Stored data:
*** Block opens ***

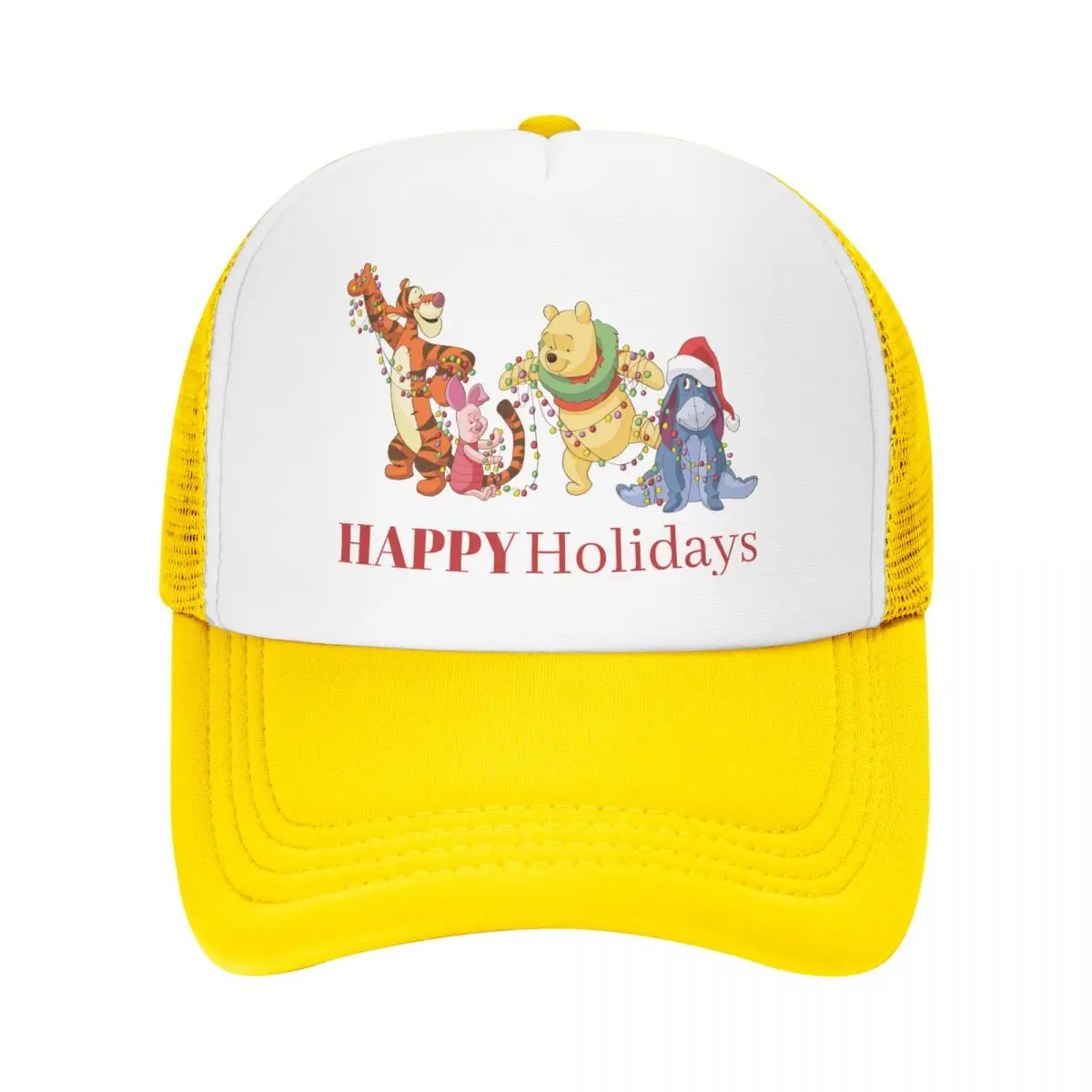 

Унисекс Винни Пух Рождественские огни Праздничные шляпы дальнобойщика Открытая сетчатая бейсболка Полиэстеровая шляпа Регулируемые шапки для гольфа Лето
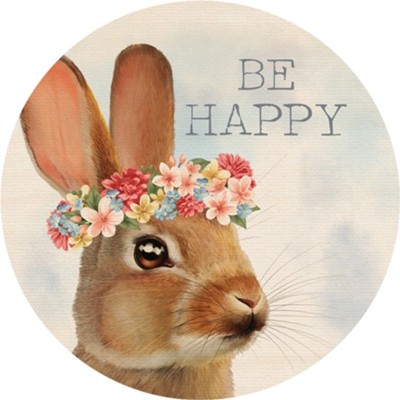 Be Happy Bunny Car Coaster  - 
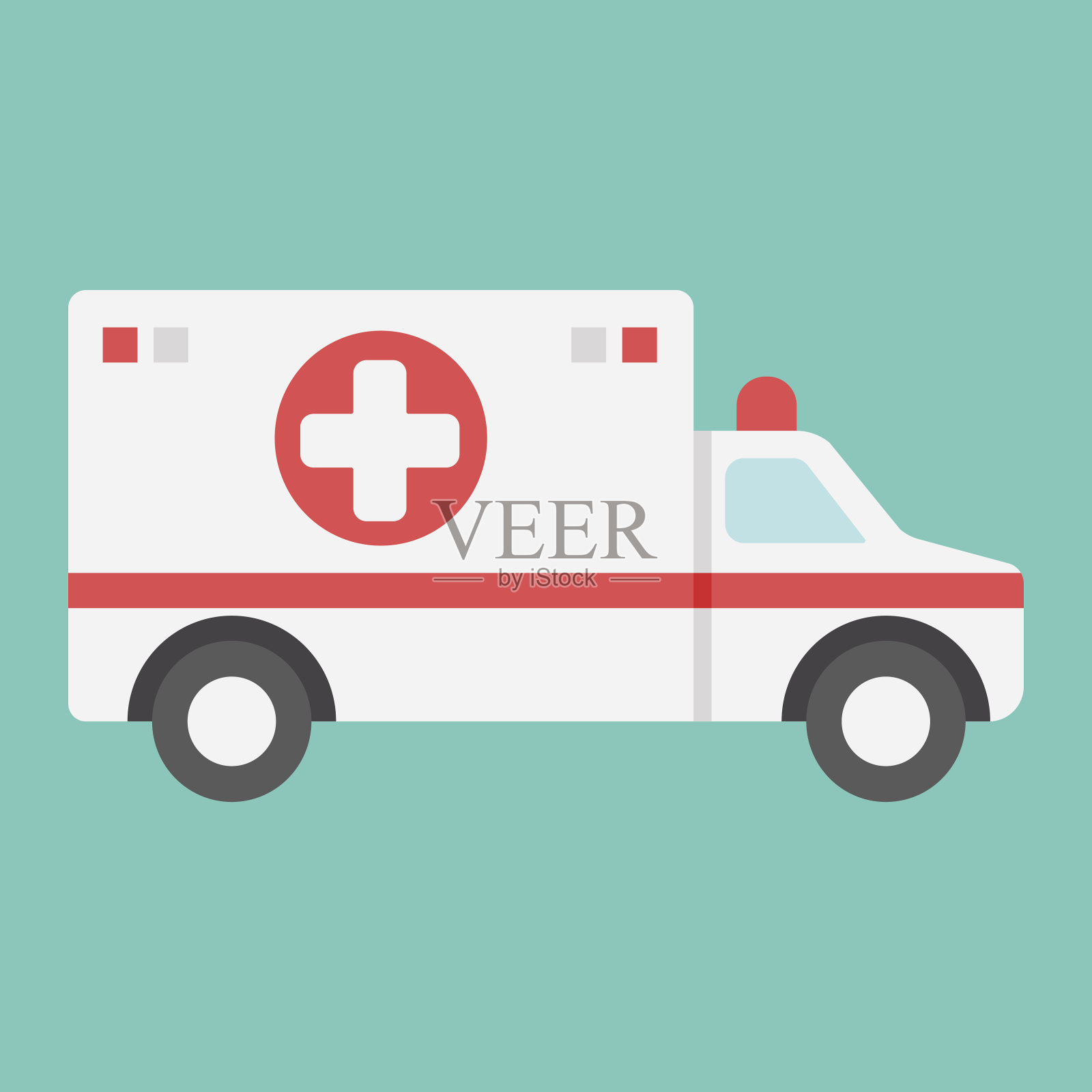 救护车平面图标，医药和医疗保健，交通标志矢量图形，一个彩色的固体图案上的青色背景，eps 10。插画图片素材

*** Block closes ***
*** Block opens ***

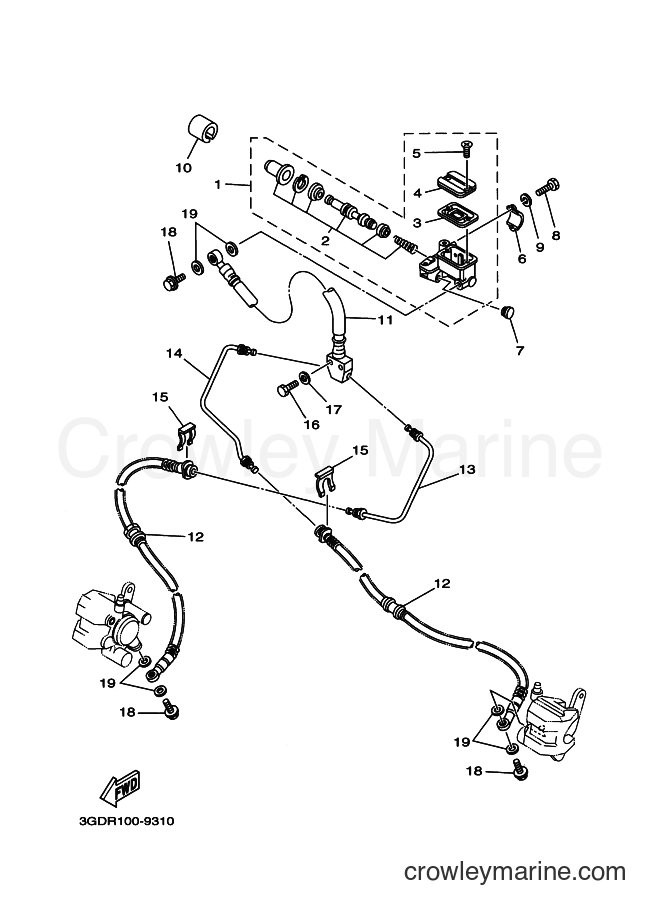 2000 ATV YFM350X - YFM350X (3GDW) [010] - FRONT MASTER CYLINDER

*** Block closes ***

Exercise details:
Above are some records. Output exactly the lines from the one that contains "Унисекс Винни Пух" to the one that contains "救护车平面图标，医药和医疗保", keeping both, and omit the pictures.

Worked solution:
Унисекс Винни Пух Рождественские огни Праздничные шляпы дальнобойщика Открытая сетчатая бейсболка Полиэстеровая шляпа Регулируемые шапки для гольфа Лето
 Be Happy Bunny Car Coaster  - 
 救护车平面图标，医药和医疗保健，交通标志矢量图形，一个彩色的固体图案上的青色背景，eps 10。插画图片素材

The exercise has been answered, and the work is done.